Bullets bring trouble to schools, students
Last October, an 18-year-old student at Neuqua Valley High School in Naperville brought a bullet to school that he'd found off campus and showed it to friends.
Not a gun. Just a bullet.
He was charged with illegal possession of ammunition and possession of ammunition without a firearm owner's identification card.
It's a scene that's been popping up elsewhere lately -- school officials or students two times in the last couple weeks have found a bullet in a school.
Taking a gun to school is one thing. But taking just a bullet is another. Or is it?
It happened last fall in St. Charles. It's happened several times in recent years in Carpentersville-based District 300 schools. And it's happened twice recently in Burlington-based Central Unit District 301.
On Jan. 23, a staff member at Country Trails Elementary School in Elgin found a 9 mm bullet in a school hallway at dismissal time, leading police to inspect the school that night, said Greg Rabenhorst, the district's assistant superintendent. The next day, school officials ordered a soft lockdown in which nobody was allowed to leave the school until officials searched the school, backpacks and belongings.
The following day, during school hours, a student found a .22 caliber bullet in a hallway at Central Middle School in Burlington and notified a teacher.
That prompted a hard lockdown. During that time, nobody could leave classrooms until district administrators and police, as well as their dogs, checked lockers, classrooms and backpacks.
The district ordered a hard lockdown because the bullet was discovered while students were still in the building, Rabenhorst said.
In both cases, the searches turned up empty and police continue to investigate how they got there.
"We don't have any suspects in mind," Elgin police Lt. Glenn Theriault said. "The possibilities are endless of how it could have ended up there."
District 300 has dealt with this issue five times in the last four years, said Gary Chester, the district's safety officer.
In two cases, an elementary and middle school student who brought a .22-caliber bullet to school had been wearing the same pants they'd worn on a hunting trip. They had merely forgotten to remove the bullet from their pants, Chester said.
In another case, an elementary school student found a shotgun shell off campus and brought it to school to show it off to friends. A first-grader did the same thing with a .22-caliber bullet.
The latest case was a .22-caliber that a custodian found in one of the high school's hallways at the end of the previous school year.
John Heiderscheit, district safety coordinator in Elgin Area District U-46, said while some students mistakenly bring illegal items to school, others are not so innocent.
"There are a variety of reasons why kids bring these items to school," Heiderscheit said. "The majority of the time it is to show off or something like that. We need to do everything we can to make sure parents are well-informed that bringing any kind weapon or ammunition to school is a problem."
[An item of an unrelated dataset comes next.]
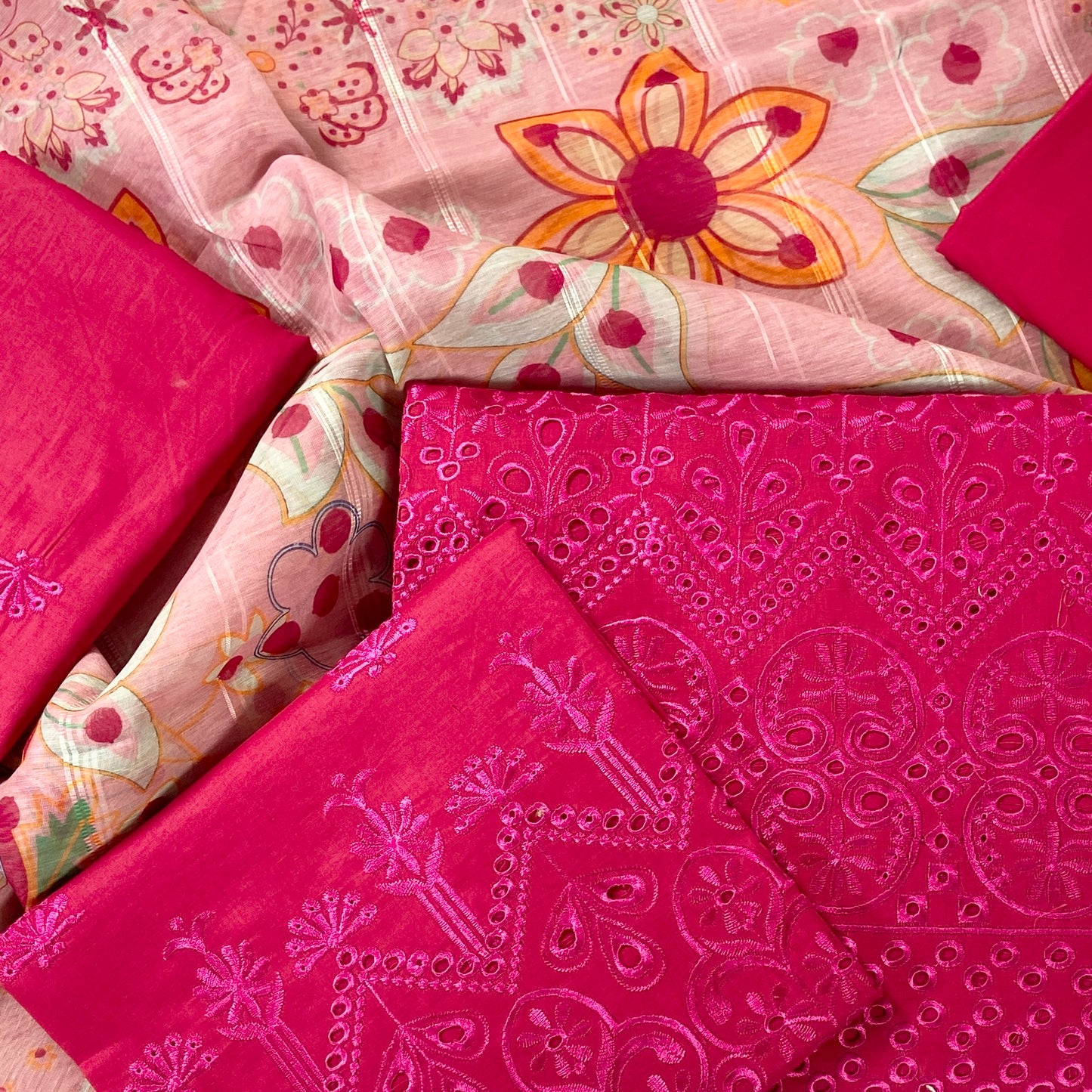 Chikenkari Anaya Noor Lawn 3-PC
In response to the bullet found in the District 300 high school, authorities combed through video footage of the hallway, searched all of the lockers in the immediate area of that hallway with Chester and police, and went through backpacks belonging to the students who have lockers in that area.
They also discussed any rumors about anyone trying to hurt someone else. Authorities were never able to find out to whom the bullet belonged.
When the district matches a bullet to a student, disciplinary action follows, whether it's ordering the student to undergo random searches, telling parents and police, and noting the behavior in the student's file.
Kane County sheriff's Lt. Pat Gengler noted that police have similar reactions to reports of guns and bullets.
"If there's a bullet here, is there a gun? Usually when you find one, you find the other, so we're going to keep looking to make sure that wasn't the case," he said.
Administrators do not treat bullets with the same severity as they would a gun.
"If we found a gun, that is an expellable offense," District 300's Chester said. "A gun is completely out of the league of just finding a bullet in a school."
In Elgin Area District U-46, the punishment is contingent on a number of factors, Heiderscheit said. "You have to look at the totality of the circumstances," he said. "It depends on what the evidence shows and if there was a threat aligned. That is different from if a student brought it in to show off, though there would be action one way or another."
If it's found that a student brought the bullets to the schools in District 301, the student, depending on his or her age, could face charges in the juvenile court system, Gengler said.
If so, police would work with the student and the district and focus on rehabilitation to ensure it doesn't happen again.
"Let's say this was a second-grader. They're too young to charge with a criminal offense," Gengler said. "I can't arrest a second-grader. A second-grader probably doesn't understand what they did. They may understand it's wrong, but they may not understand the legal ramifications."